La pluripremiata regista, performer e autrice argentina Marina Otero, definita da alcuni come la “ballerina punk”, porta in scena un lavoro – scritto a quattro mani con l’amico Martin Flores Cardenas - che forma una sorta di dittico con il suo precedente Fuck Me.
“La performance si intitola Love Me. Sì, fottimi e poi amami. Prima fottimi, poi parliamo d’amore – afferma Otero. Questo corpo è stato creato per distruggere. A volte mi sento come se fossi posseduta da uno spirito malvagio. Come se fossi l’emissario di un messaggio antico, primitivo e violento. Ho intenzione di fuggire, scappare da lui”.
Questo lavoro è un addio, una “cerimonia intima e potente” – come l’ha definita Alejandro Cruz de La Nación di Buenos Aires –, espansiva e catartica che punta radicalmente su altre forme di rappresentazione scenica, in una sorta di dittico con il suo precedente Fuck Me.
Marina Otero, che proviene dal circuito indipendente, non ha remore ad essere franca quando afferma: “Il mercato dell’arte è una città murata a cui pochi hanno accesso. Questo spettacolo potrebbe essere il mio grande cavallo di Troia con dentro sei guerrieri pronti a combattere tra le mura del palazzo di Elsinore”.

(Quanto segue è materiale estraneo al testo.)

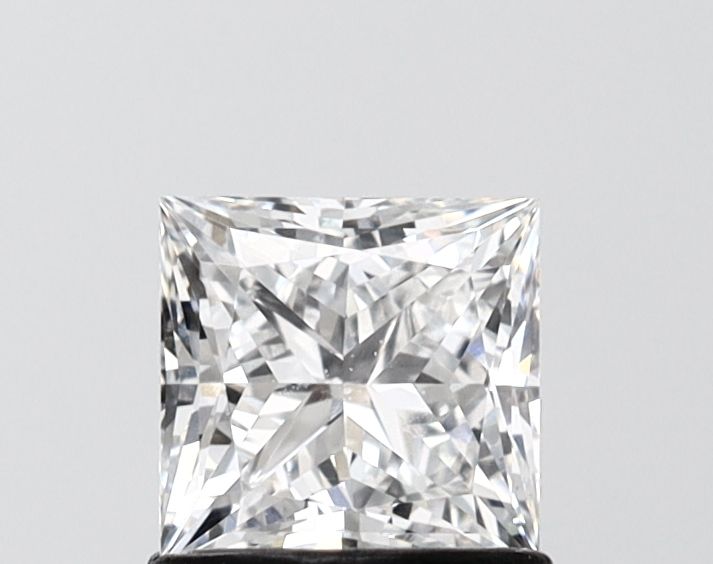 1.03 ct. princess Lab Grown Diamond front image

Love Me parla della violenza o della sua stessa violenza come donna. Qualcosa che, sicuramente, ha a che fare con il maschilismo perché “la nostra frustrazione genera un accumulo, e questa è violenza. L’autodistruzione genera distruzione anche negli altri”. E riguardo a Love Me come addio aggiunge: “Con questo lavoro sparo i proiettili in aria e fuggo prima che inizino a piovere sul mio stesso corpo”.